Cult Of A Dying Sun

Written by: RUB on 22/12/2018 15:54:00

Better late than never, it is time to get some of the reviews done that our webzine missed during the past year. One of these is the sophomore album by the fairly new American band Uada. Not until I listened to the title track off “Cult of a Dying Sun” had I heard of this four-piece from Portland, OR but I was instantly hooked, and based on this one track I immediately knew I had to spin the entire album once it was released. Sadly, I never actually got around to doing this, which is a shame, because as a spoiler, I can already tell you that it will end up on my end-of-the-year list.
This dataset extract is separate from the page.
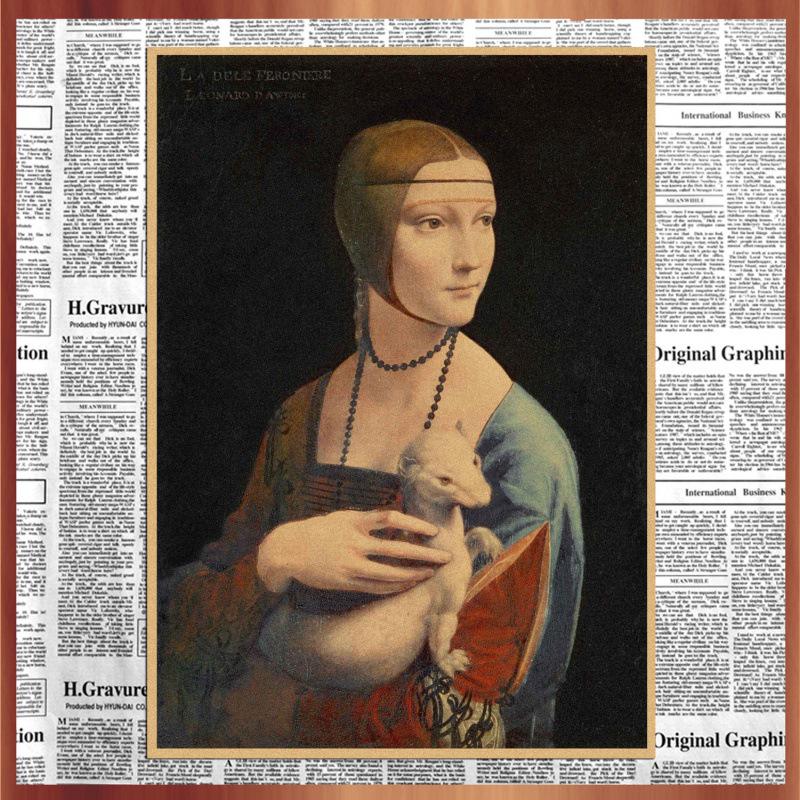 Da Vinci 'Lady with an Ermine' Classic Retro Poster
What we’re dealing with is a melodic black metal piece with plenty of atmospheric and progressive elements, but which never sways too far away from the black metal core that is present throughout the entire album. In the vein of both the Polish Mgła and the Swedish Dissection, Uada express themselves with catchy hooks and interesting melodies that will keep the listener bound by virtue of sheer intensity and clever song-writing. Starting things off with “The Purging Fire”, the blastbeats pound the ears intensely right from the first note. This barrage then transforms into a melodic segment coupled with screamed, almost strained vocals, which fit the extreme soundscape perfectly. The underlying main riff is used in a very subtle manner, giving a somewhat calm expression to the otherwise extreme nature of the song. The track itself progresses and evolve throughout its entire 6-minute runtime and never loses pace. The melody is ever-present, just like the dual guitars make a lasting and interesting impression on the listener.
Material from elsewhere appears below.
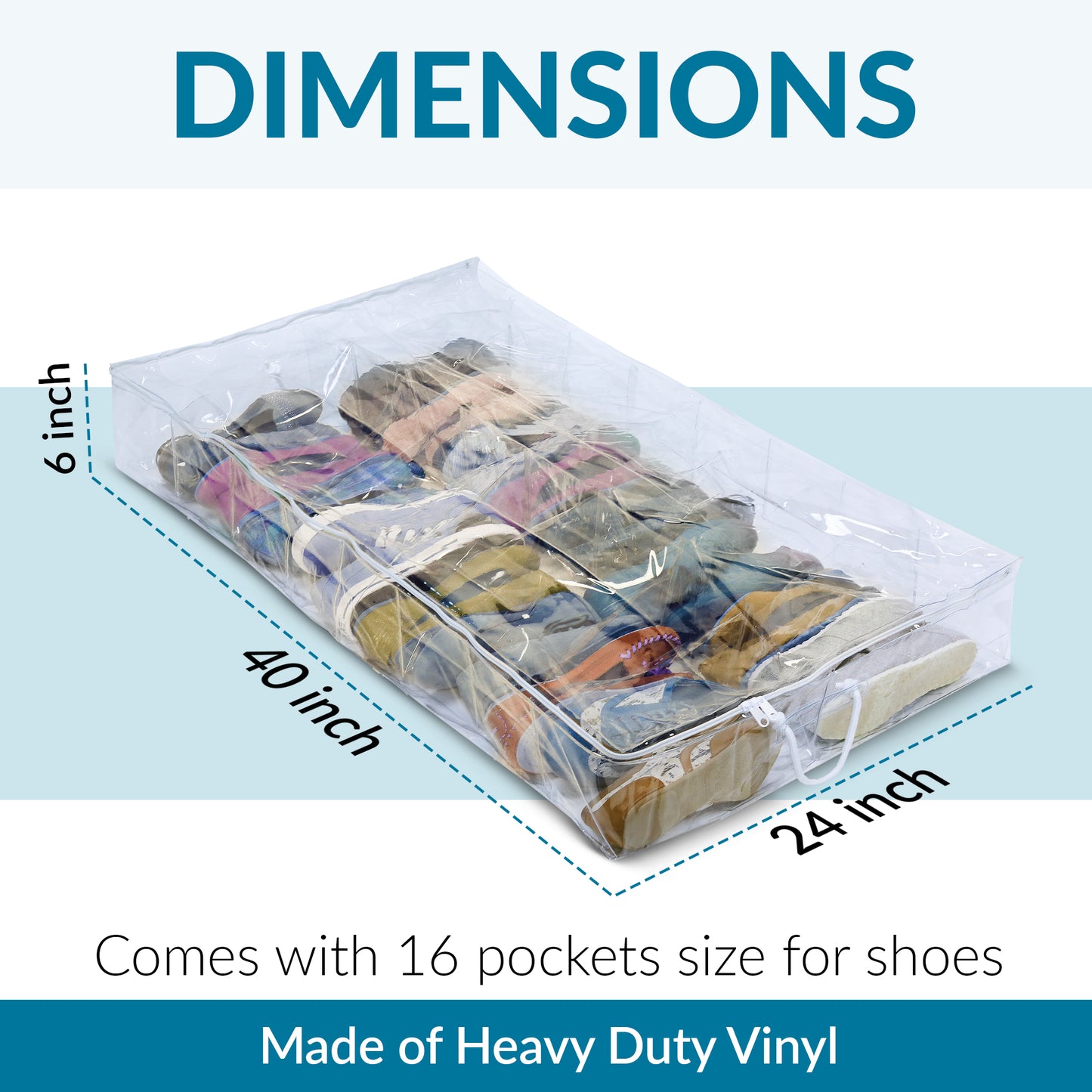 Clear Organization Vinyl Storage Space Saver Shoe Box Fits up to 16 Pairs, Under-Bed Shoe Chest Storage Solution Organizer,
The general composition and structure of “Cult of a Dying Sun” has this distinctly melancholy vibe to it; as though the album were written as the soundtrack to a massive autumn storm, or as the classic Norwegian black metal albums: mirroring darkness and barren, icy landscapes. This is also seen on the second track “Snakes & Vultures”. The vocals have a constant gloomy feel to them, and when this is coupled with the aforementioned melancholy guitar sound, which, at times, even sounds sad and depressed, one can really feel the songs as well as hear them; they’re both pounding, thanks to the bass and drums, and also have plenty of melodies in them to make the soundscape complete. In fact, you actually seem to be able to hear that the songs are about themes such as nature and paganism simply by listening to the composition and tone of the music.
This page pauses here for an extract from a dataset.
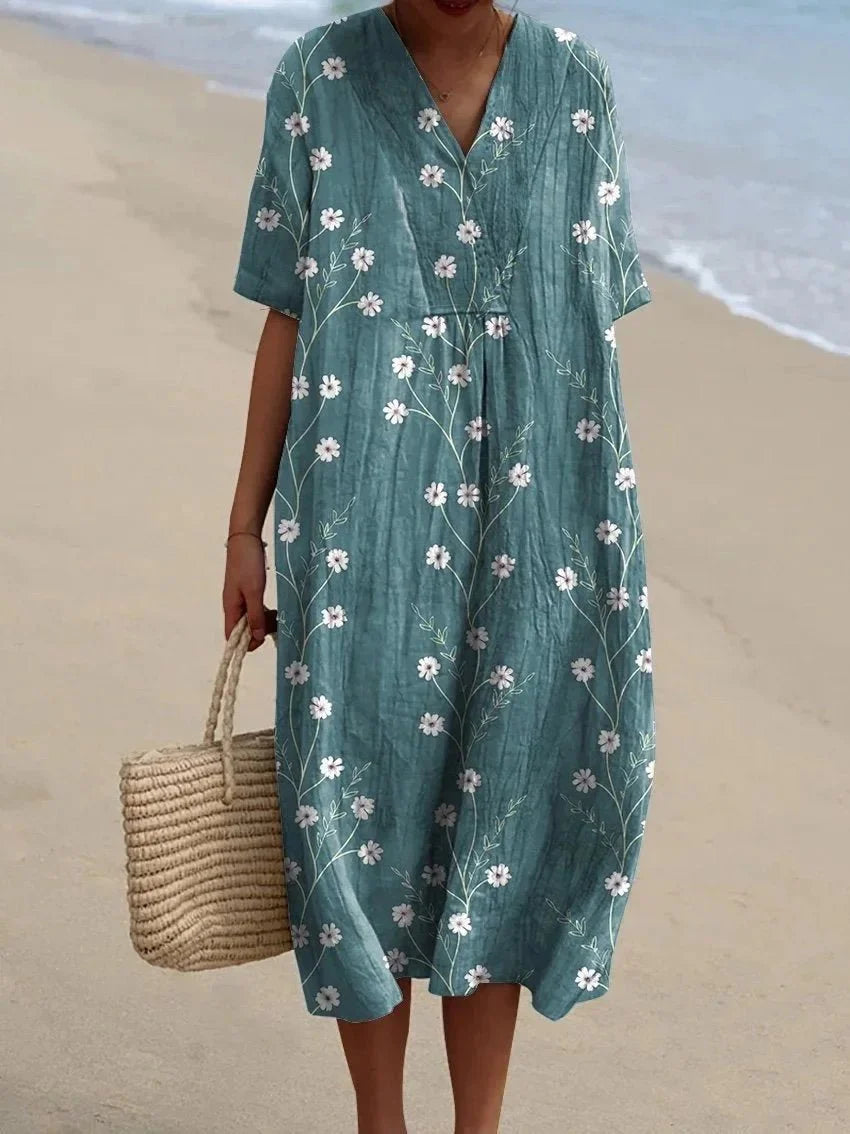 Ebba - Blommig sommarklänning med avslappnad elegans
The songs develop due to their great lengths, the shortest track clocking in at 05:38, so every single one of them has the potential to progress and unfold into an intense, yet progressive black metal colossus. As heard on the title track, which is arguably the best piece on offer here, the vocals evolve from classic black metal shrieks, through deep growls, to quite decipherable yells and eventually also into harsh growls. This is mixed with an instantly recognizable guitar riff which twists and turns until we reach the 5-minute mark, where the pace is slowed down into an almost doom metallic tempo, only to explode once again into a storm of traditional black metal. If one can ever use the word beautiful about black metal, this is probably as close as an album from the genre will come to embodying it, because just as haunting and malicious as some of the vocals and riffs sound, as beautiful are many of the melodic passages present on the album. Just to make an example: I’d never heard blastbeats deployed on top of a beautiful piano piece until I heard “Sphere (Imprisonment)” — simply superb! Every aspect of black metal is gone when the instrumental song “Wanderer” arrives around halfway through the album, which provides some much-needed resting time, given that Uada’s music is so demanding. After this small breather, however, the intense barrage continues with “Blood Sand Ash”, again leaving very little room in which to catch your breath.

Without going into too much detail with every single song here, I think I’ve made most of my points clear by now. This album is fantastic, and then some. The songwriting ability, the knack for creating evocative melodies, and the overall compositional sill Uada possess is mesmerising. So many small details in every song ensure that the listener never loses interest — there’s simply so much going on. Even the cover is worth addressing, which I normally don’t; the artwork for “Cut of a Dying Sun” is amongst the best I’ve seen this year, which just makes the album seem so much better. It really underlines the wealth of detail that also characterises it musically. Since Uada means haunted in Latin, I can say without a doubt that the band’s melodic way of expressing their black metal influence is something quite special and very much in keeping with their moniker, and I urge every fan of any style of black metal to check this band out. You won’t regret it the slightest, and it could very well turn out to be a modern classic you’re listening to!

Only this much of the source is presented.